I'm trying not to read too much into it, but I've just had a call from my agent for the Oxfam job. One of the people who interviewed my has called her to check on what my salary expectations are.

So it sounds possible that they may be making me an offer, but I'm trying not to get too excited about it, as it may be just a generic query, or something they meant to ask at the interview and forgot.

But at the very least it means that they haven't yet written me off!

Trying not to freak out...

May. 18th, 2016

chris

Oxfam interview

So I had my Oxfam interview today. My style was somewhat cramped by the fact that I am still suffering from the Cough from Hell (15 days since a full night's sleep and counting) and had almost completely lost my voice. I managed to croak my way through the interview and the presentation this morning, but by late afternoon I'd lost my voice completely. I'm definitely planning to have a complete rest the next couple of days!

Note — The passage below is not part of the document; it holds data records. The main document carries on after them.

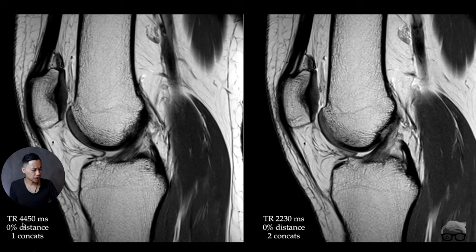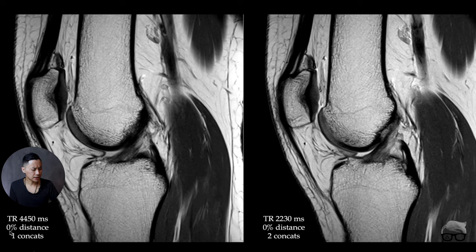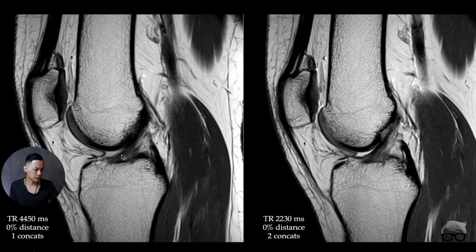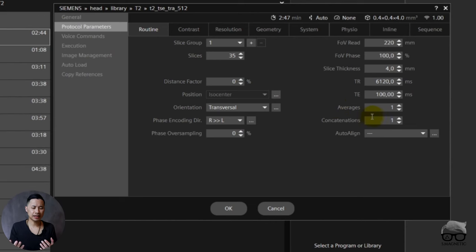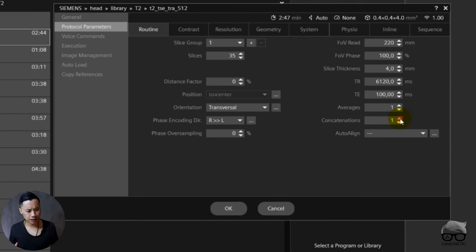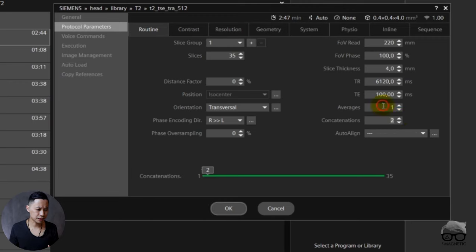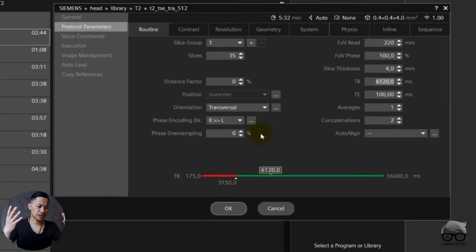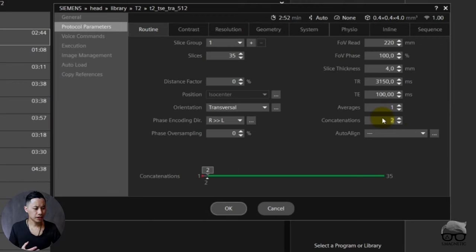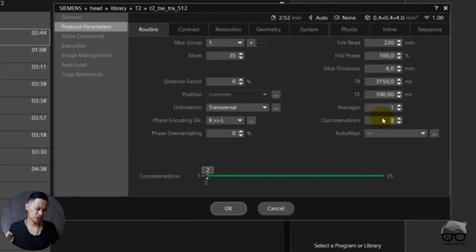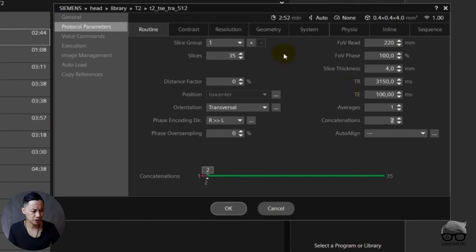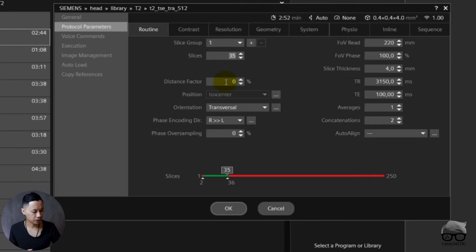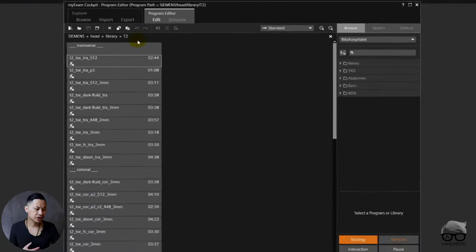Let's check this out. We have a TR of 4450 and this is half of it. But we have one concat, zero distance, two concat, zero distance. Look at the fluid, you get this kind of artifact. Let's go back to the scanner. It's exactly like I told you, right? Zero distance, two concats. Scan time increases, but now you can decrease the TR to get the scan time low and you still have T2-weighting, so don't worry about that. You're within that range. So now you won't suffer from crosstalk artifact.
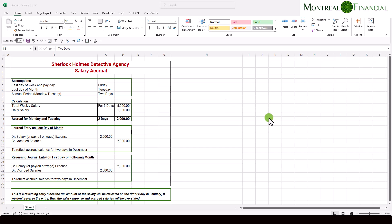Hello everyone. In today's tutorial, which is upon request by a subscriber, we are going to talk about accrued salaries, what they are, how to calculate them, and how to enter a journal entry.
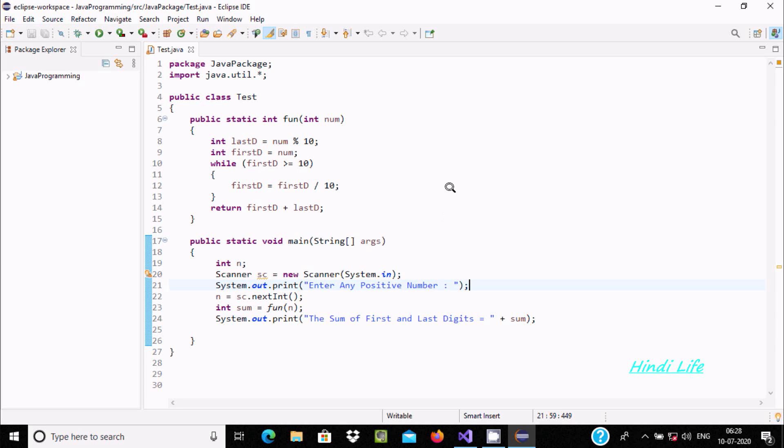Hello friend, in this video lecture I am going to discuss how to perform sum of first and last digit using Java programming language.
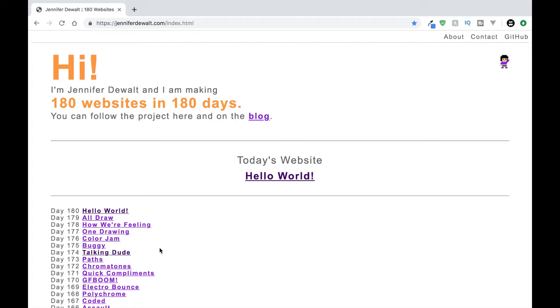Alright, what is going on guys, welcome back to my channel. This is Darien with Darien the Dev, and in this video I'm going to share a cool website where you can get 180 free project ideas for software developers.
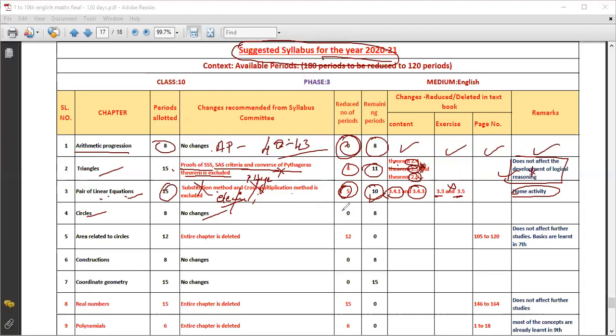Circles — no changes. There are a lot of problems here, and they have a lot of effect on scoring. Circles is an easy chapter, and if you have a good grip on the problems in circles, you can score marks easily.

Anyway, the interview itself seemed to go fairly well. Most of the two hours was taken up with the usual competency-based questions. I don't think my answers to a couple of them were terribly exciting, but had the advantage of actually being true. The presentation also seemed to go down okay as well - I was supposed to have 30 minutes, but we were running short of time so I had to skip through it in 15. That wasn't too bad as we had actually covered a lot of the material in the previous questions.

So it's just waiting now. They will be interviewing into next week, so I don't expect to hear anything until towards the end of next week. I was given to understand from my agent that they were only having face-to-face interview with me and one other person, but what they said either indicated that they were interviewing more, or that the other person isn't being interviewed until next week and they didn't want me to know that there was only one other person.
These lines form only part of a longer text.